## [YOUR INSTRUCTIONS]
The material below holds pictures, which are to be left out; copy exactly the lines from the one with "All prepped and" through the one with "A CHINESE BRONZE".
*** RECORDS FOR THIS EXERCISE Section Begins ***
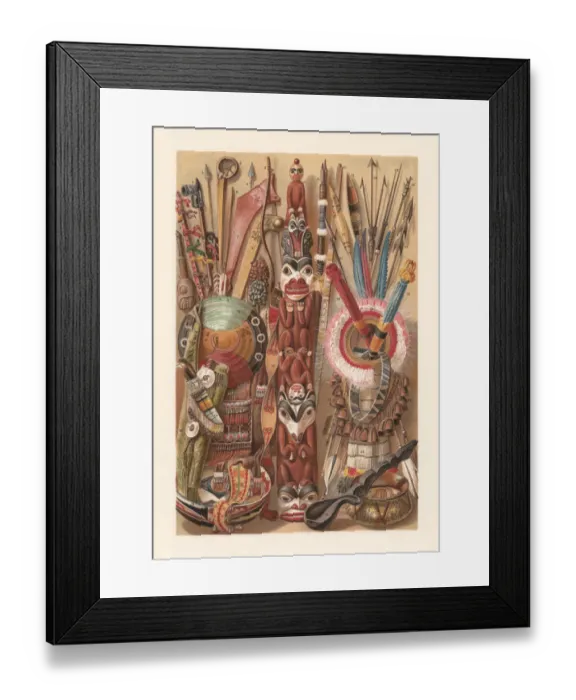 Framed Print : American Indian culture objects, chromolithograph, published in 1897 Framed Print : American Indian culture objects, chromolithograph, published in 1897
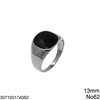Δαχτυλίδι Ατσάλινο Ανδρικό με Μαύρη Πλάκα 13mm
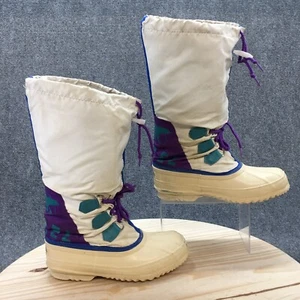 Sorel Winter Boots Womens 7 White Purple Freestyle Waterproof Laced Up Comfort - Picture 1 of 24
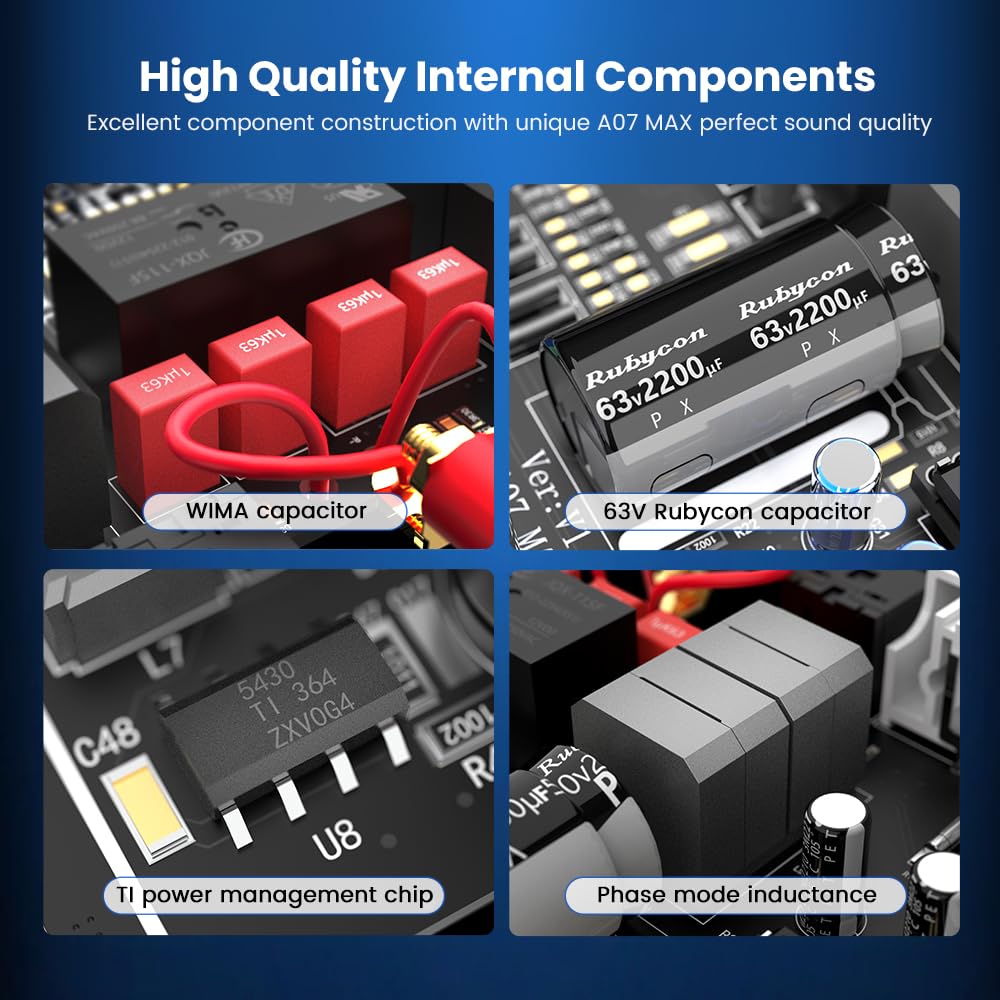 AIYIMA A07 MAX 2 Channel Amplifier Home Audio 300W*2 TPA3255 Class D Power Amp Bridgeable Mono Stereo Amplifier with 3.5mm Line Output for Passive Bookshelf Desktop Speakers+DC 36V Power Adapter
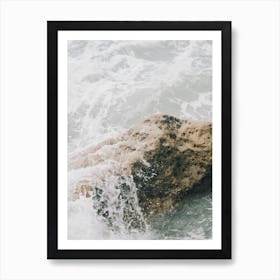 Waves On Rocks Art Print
*** RECORDS FOR THIS EXERCISE Section Ends ***
*** RECORDS FOR THIS EXERCISE Section Begins ***
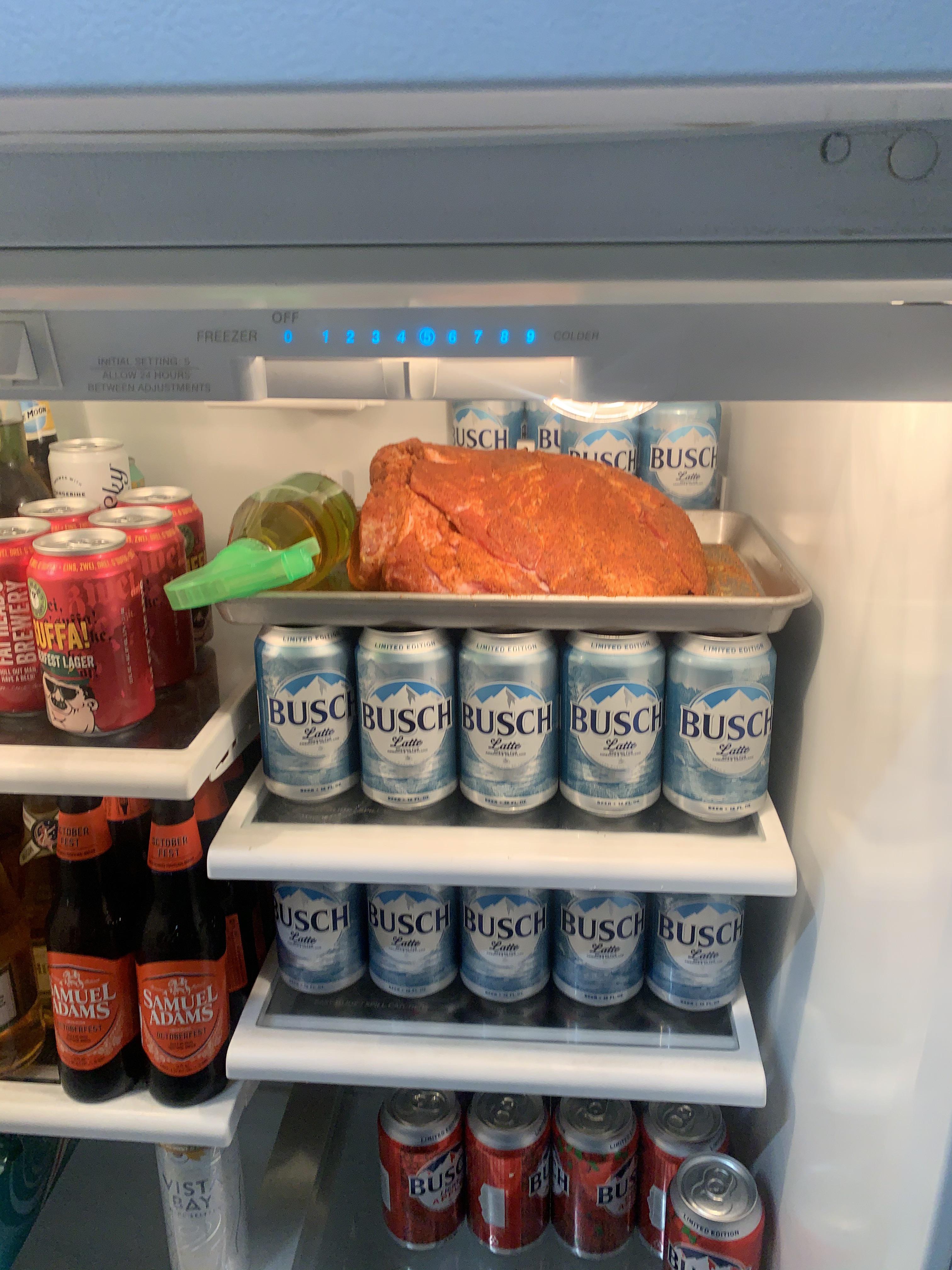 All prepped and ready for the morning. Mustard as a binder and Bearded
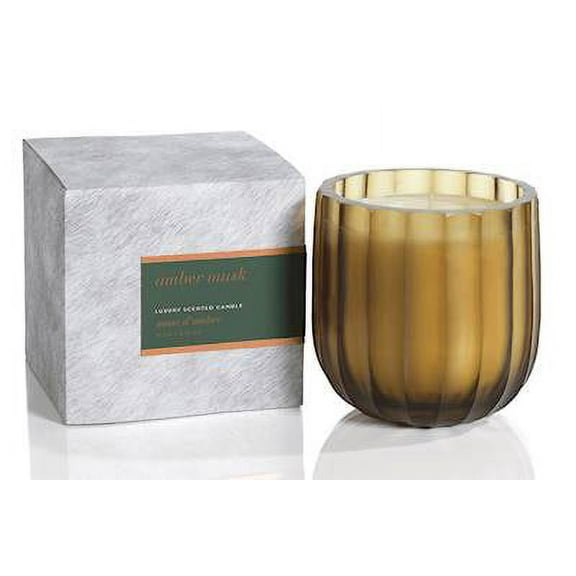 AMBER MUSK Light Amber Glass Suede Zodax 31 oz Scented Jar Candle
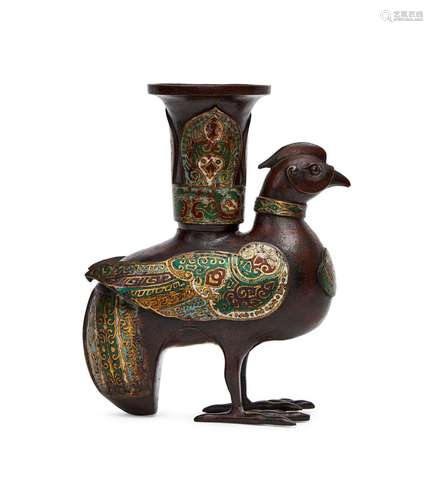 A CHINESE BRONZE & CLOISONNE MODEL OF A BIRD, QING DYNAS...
*** RECORDS FOR THIS EXERCISE Section Ends ***
## [ANSWER TO THE EXERCISE]
 All prepped and ready for the morning. Mustard as a binder and Bearded
 AMBER MUSK Light Amber Glass Suede Zodax 31 oz Scented Jar Candle
 A CHINESE BRONZE & CLOISONNE MODEL OF A BIRD, QING DYNAS...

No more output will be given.